> **TASK DIRECTIONS**:
Restate the whole of the data below word for word, skipping the images.

==== DATASET RECORDS

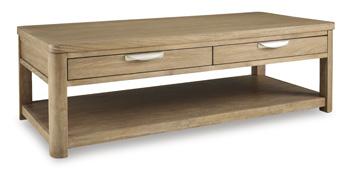 Rencott Occasional Table Set - Jay's Mattress Plus (NY)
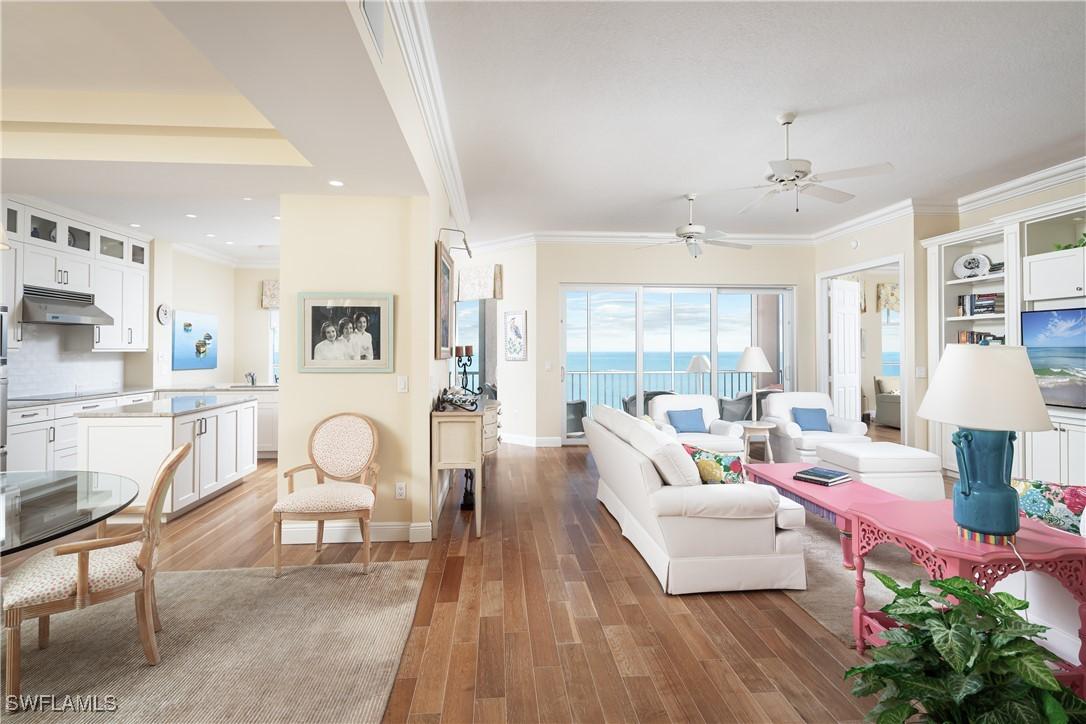 263 Barefoot Beach Blvd. #PH2, Bonita Springs, FL 34134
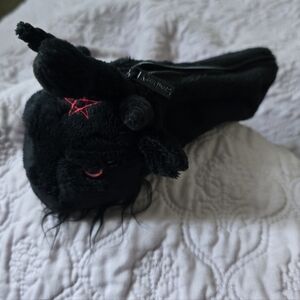 Killstar Creepture Pencil Case Baphomat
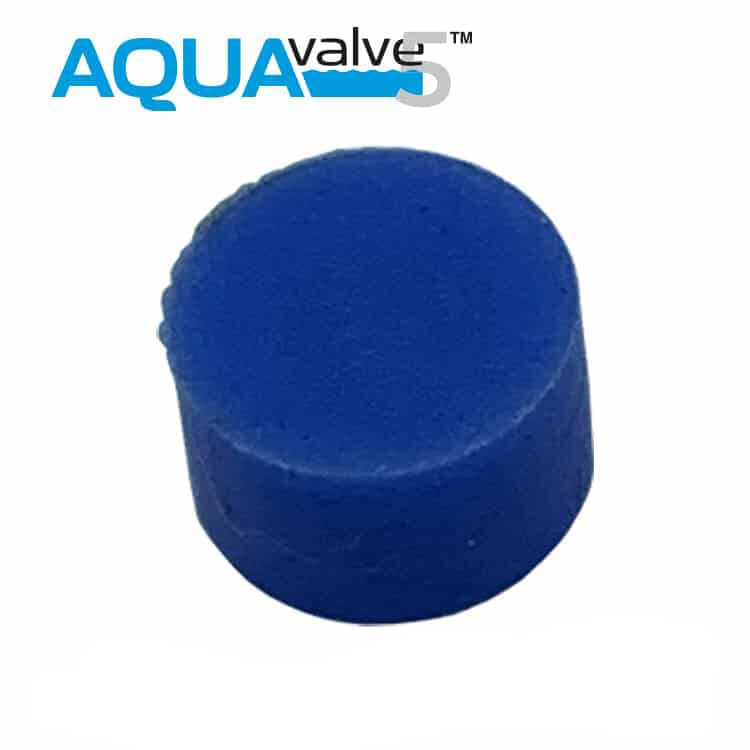 Autopot Silicone for 9mm AQUAvalve5 (Bottom Float)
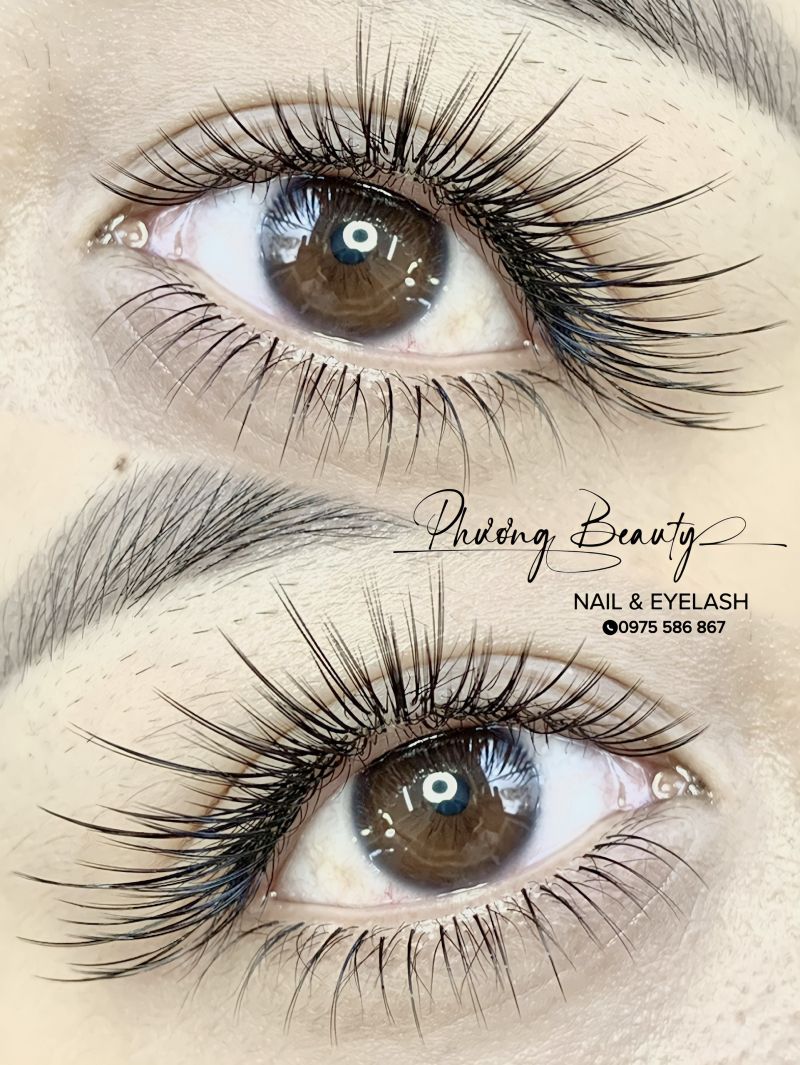 Phương Beauty - Nail & Eyelash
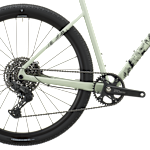 Scott gravel kolo Speedster Gravel 40 siva (ash green)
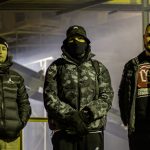 Gedz na mixtapie Ciemnej Strefy. Sprawdź nowy singiel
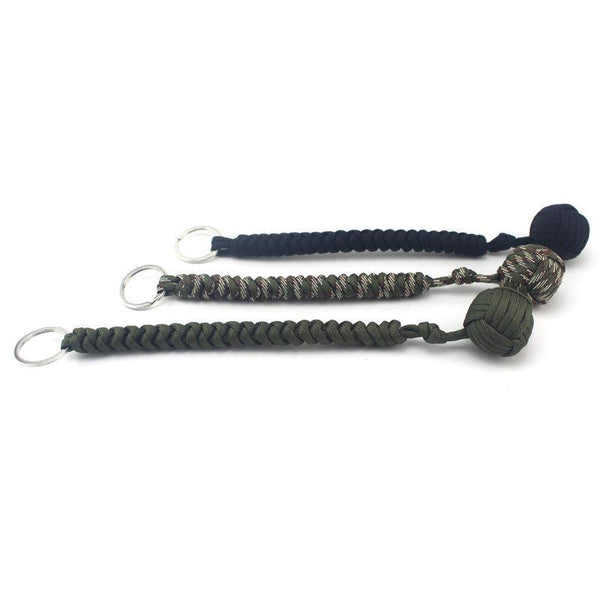 SELF DEFENSE KEYCHAIN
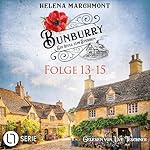 Bunburry - Ein Idyll zum Sterben - Sammelband 5 - Folge 13-15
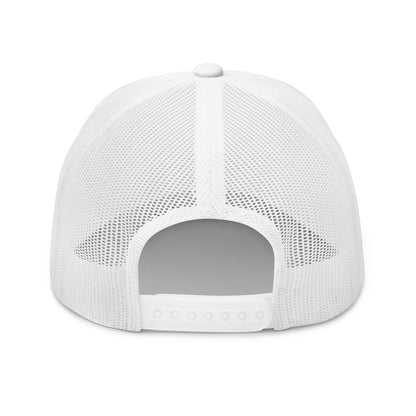 Wiggins Golf - Classic Snapback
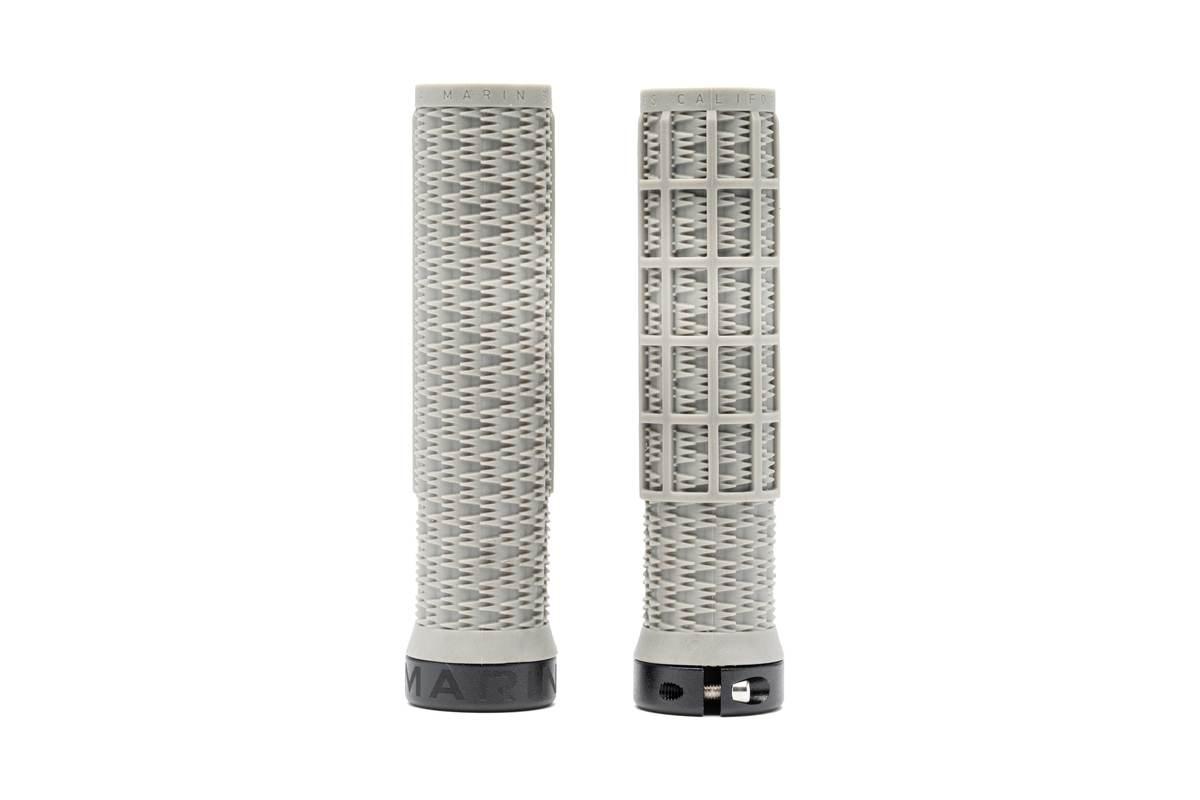 Gripy Marin Bearpaw Skręcane Szare | 734477001 - zdjęcie 2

========

> **ANSWER AREA**:
 Rencott Occasional Table Set - Jay's Mattress Plus (NY)
 263 Barefoot Beach Blvd. #PH2, Bonita Springs, FL 34134
 Killstar Creepture Pencil Case Baphomat
 Autopot Silicone for 9mm AQUAvalve5 (Bottom Float)
 Phương Beauty - Nail & Eyelash
 Scott gravel kolo Speedster Gravel 40 siva (ash green)
 Gedz na mixtapie Ciemnej Strefy. Sprawdź nowy singiel
 SELF DEFENSE KEYCHAIN
 Bunburry - Ein Idyll zum Sterben - Sammelband 5 - Folge 13-15
 Wiggins Golf - Classic Snapback
 Gripy Marin Bearpaw Skręcane Szare | 734477001 - zdjęcie 2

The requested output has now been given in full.